As chairman of the Senate Homeland Security and Governmental Affairs Committee, Johnson had sent a letter to the FBI on May 11 requesting information about its process for producing documents to Congress, the names of the employees who review and redact documents, and the process by which the FBI prevents conflicts of interest.

He also asked the FBI to distinguish between Freedom of Information Act requests, which are subject to statutory restrictions, and constitutional Congressional oversight, which is not subject to the same restrictions.

Johnson said he did not receive a satisfactory response to the May 11 letter, so he met with members of the Justice Department and the FBI.

He sent a follow-up letter to FBI Director Christopher Wray on June 8.

The Justice Department explained "limited reasons for redactions" and invited the committee staff to view less-redacted documents.

The limited redactions still did not meet Johnson's standards.

"These redactions included the names and what appear to be initials of Justice Department or FBI employees," Johnson said in the letter. "Redacting the identities of these employees prevents the Committee from assessing the need to request additional documents relating to these employees or requesting interviews with these employees."

The unredacted documents revealed that the FBI concealed the names of several employees in a series of text messages between agents Peter Strzok and Lisa Page.

"The FBI and the Justice Department have not explained the basis for redactions to these text messages, or any other document produced to date," Johnson said.

In some text messages, FBI agents speak condescendingly of Congress's oversight role, with one agent writing, "Congress.

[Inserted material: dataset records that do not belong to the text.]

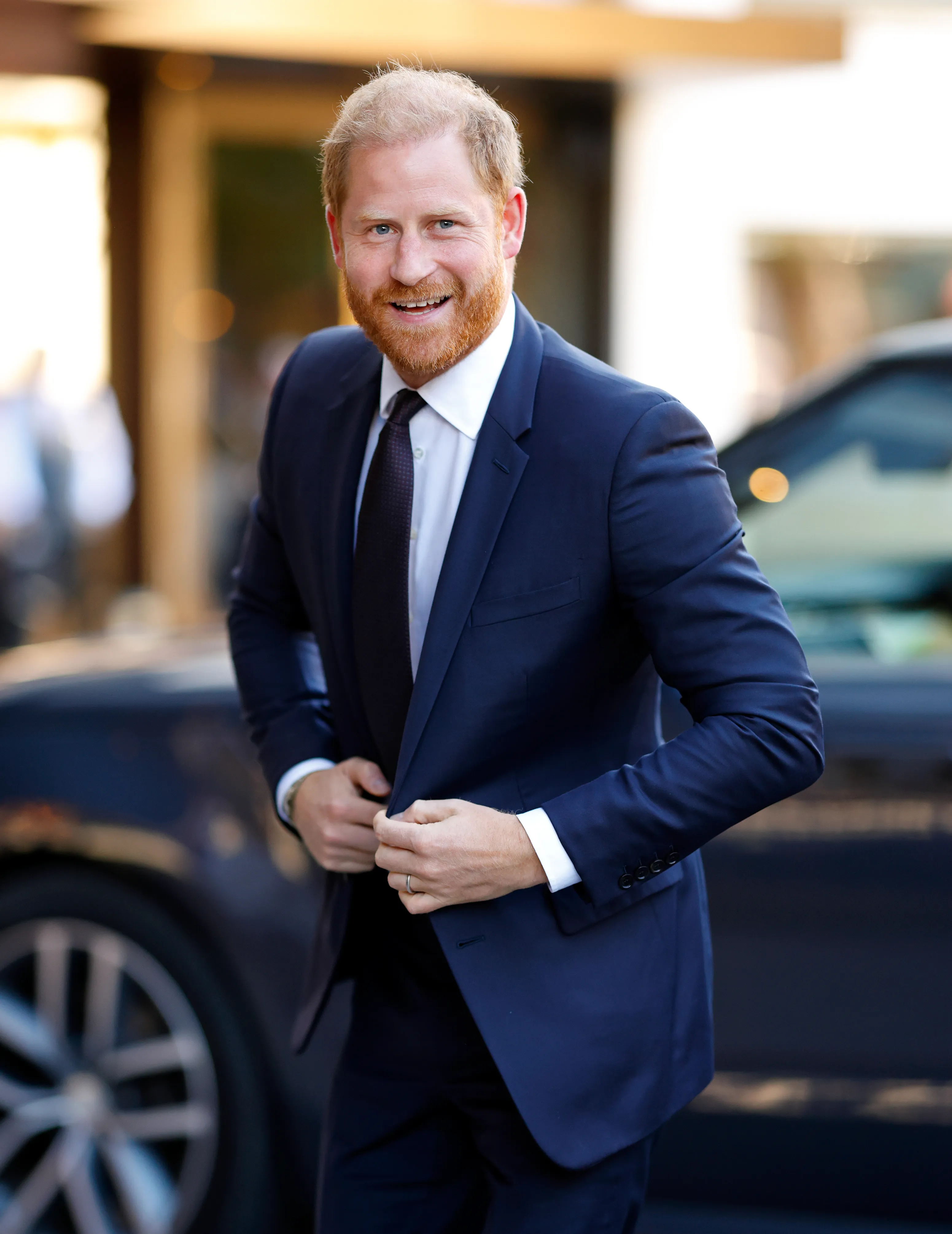 Prince Harry, Duke of Sussex, smiling and adjusting his suit jacket.
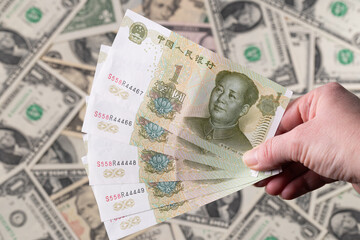 Hand Holding Chinese Yuan Over US Dollar Background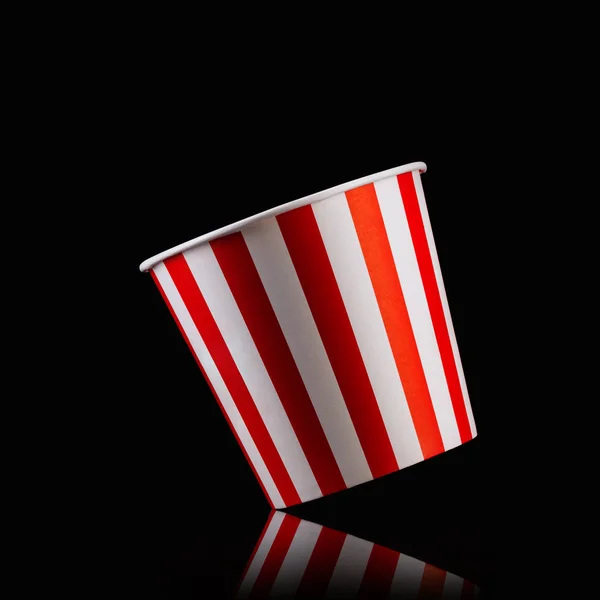 Empty popcorn striped bucket isolated on black background — Stock Photo, Image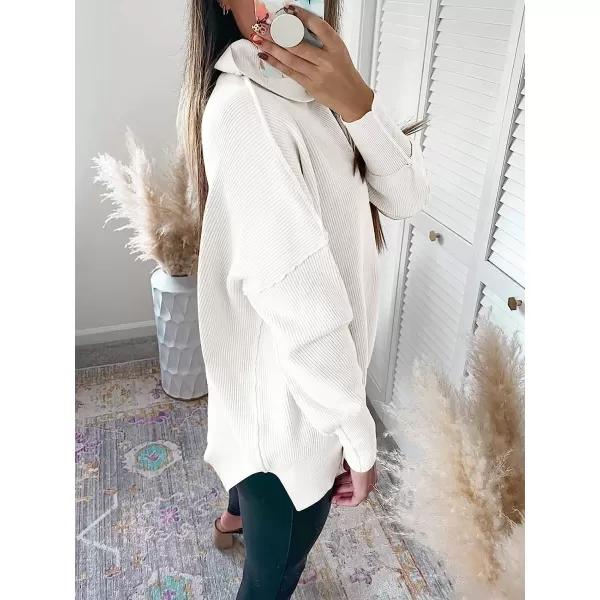 imageANRABESS Women Turtleneck Batwing Sleeve Oversized Side Slit Ribbed Knit Pullover Sweater TopWhite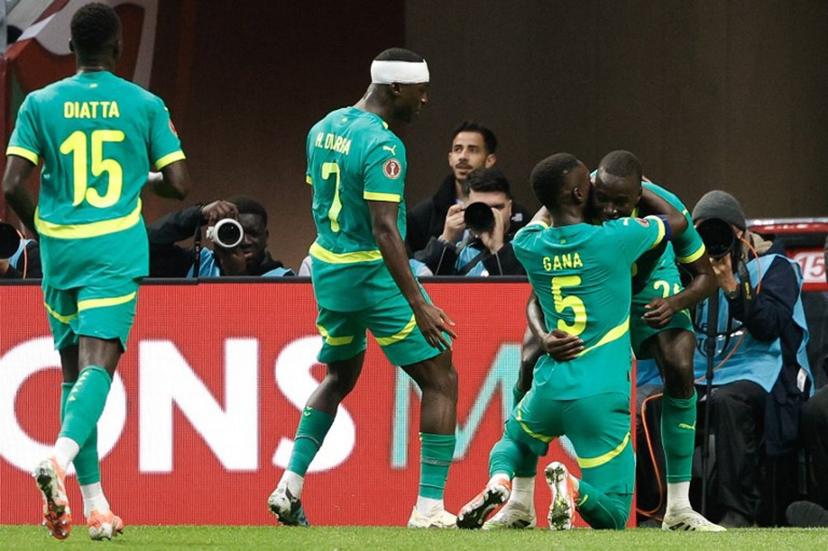 Senegal's midfielder #26 Pape Gueye (R) celebrates scoring his team's second goal with Senegal's midfielder #05 Idrissa Gueye (2R) during the Africa Cup of Nations (CAN) round of 16 football match between Senegal and Sudan at Grand Stadium in Tangiers on January 3, 2026.  Abdel Majid BZIOUAT / AFP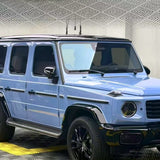 A Mercedes-Benz G-Class SUV in Porcelain Blue Glossy SelfRepair Nano-Coated PPF with black trim and wheels is parked indoors on a patterned floor, its paint protected by advanced self-healing nano-coating and set against a textured wall.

Too hard to write," and another responding, "Got it. F them."

Judicial Watch requested documents about the Clinton-Lynch tarmac meeting, too.

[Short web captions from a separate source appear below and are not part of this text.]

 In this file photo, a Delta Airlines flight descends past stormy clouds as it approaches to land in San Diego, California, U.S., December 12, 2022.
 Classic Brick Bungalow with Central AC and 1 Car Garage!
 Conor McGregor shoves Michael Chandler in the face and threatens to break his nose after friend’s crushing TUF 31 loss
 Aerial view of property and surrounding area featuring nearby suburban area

The FBI told Judicial Watch that it did not have any documents, until reversing its stance and finding more than 40 pages of documents related to the meeting, according to the organization's president, Tom Fitton.

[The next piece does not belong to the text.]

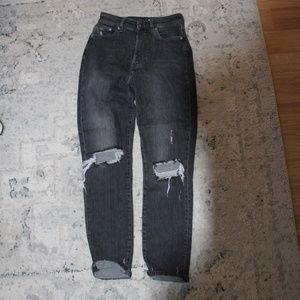 dark grey straight leg jeans with rips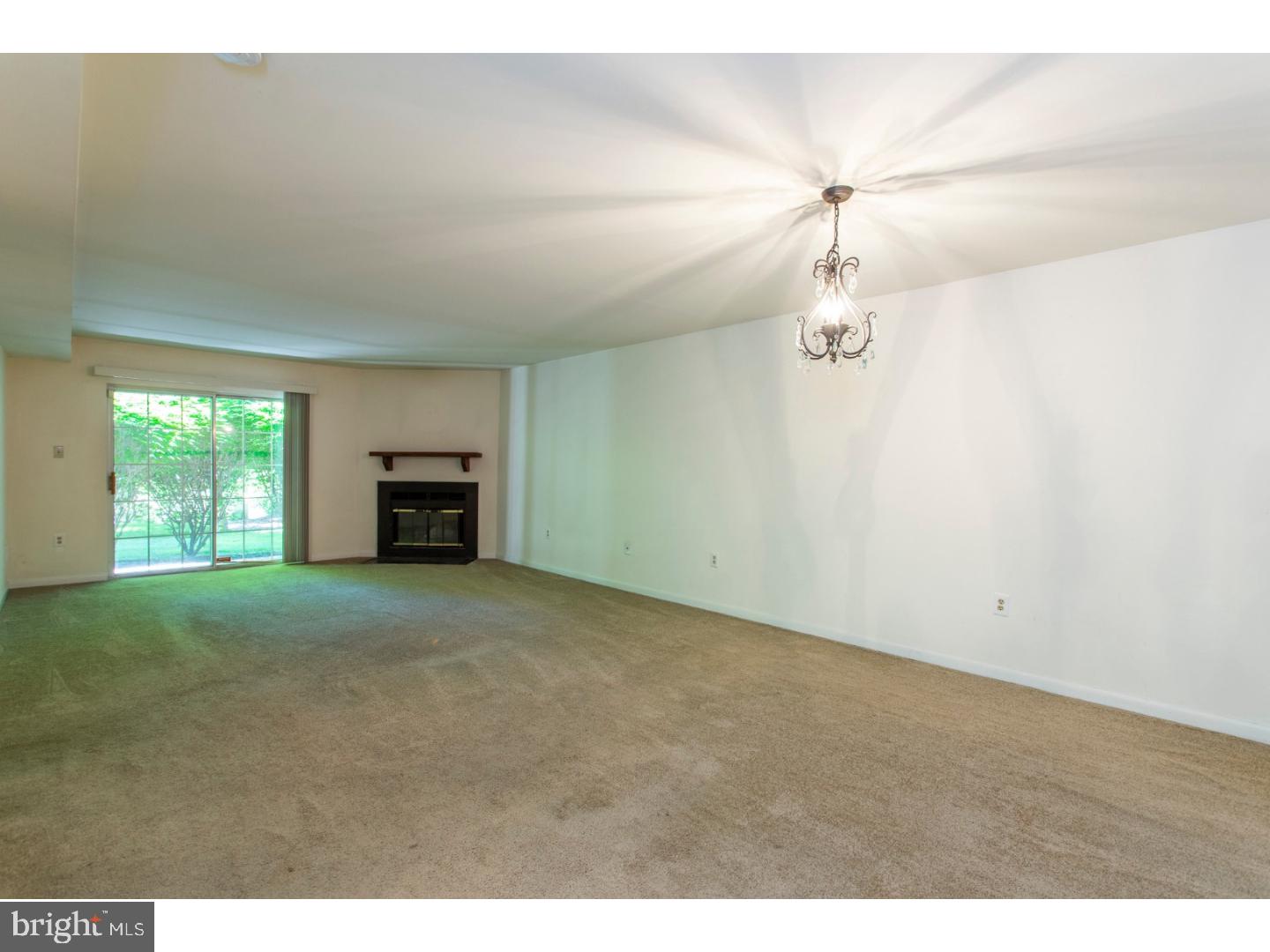 177 Valley Stream Lane Chesterbrook, PA 19087 - Photo 8 of 19 a view of empty room with fireplace and windows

One email from FBI Section Chief Rachel Rojas tells an employee to "stay away" from discussing the Clinton-Lynch meeting.

"These emails are simply astonishing. No wonder the FBI hid them from the court and Judicial Watch. They show anti-Trump, pro-Clinton FBI Agent Peter Strzok admitting the decision not to prosecute the Clinton email issue was made back in April 2016 - long before Hillary Clinton was interviewed," Fitton wrote.

Johnson, the Senate Homeland Security and Governmental Affairs Committee, and Judicial Watch all received inadequate or false information from the FBI in regard to the Clinton-Lynch tarmac meeting.

When information was given, it was produced slowly and with substantial redactions.

Johnson requested a response from Wray by June 22.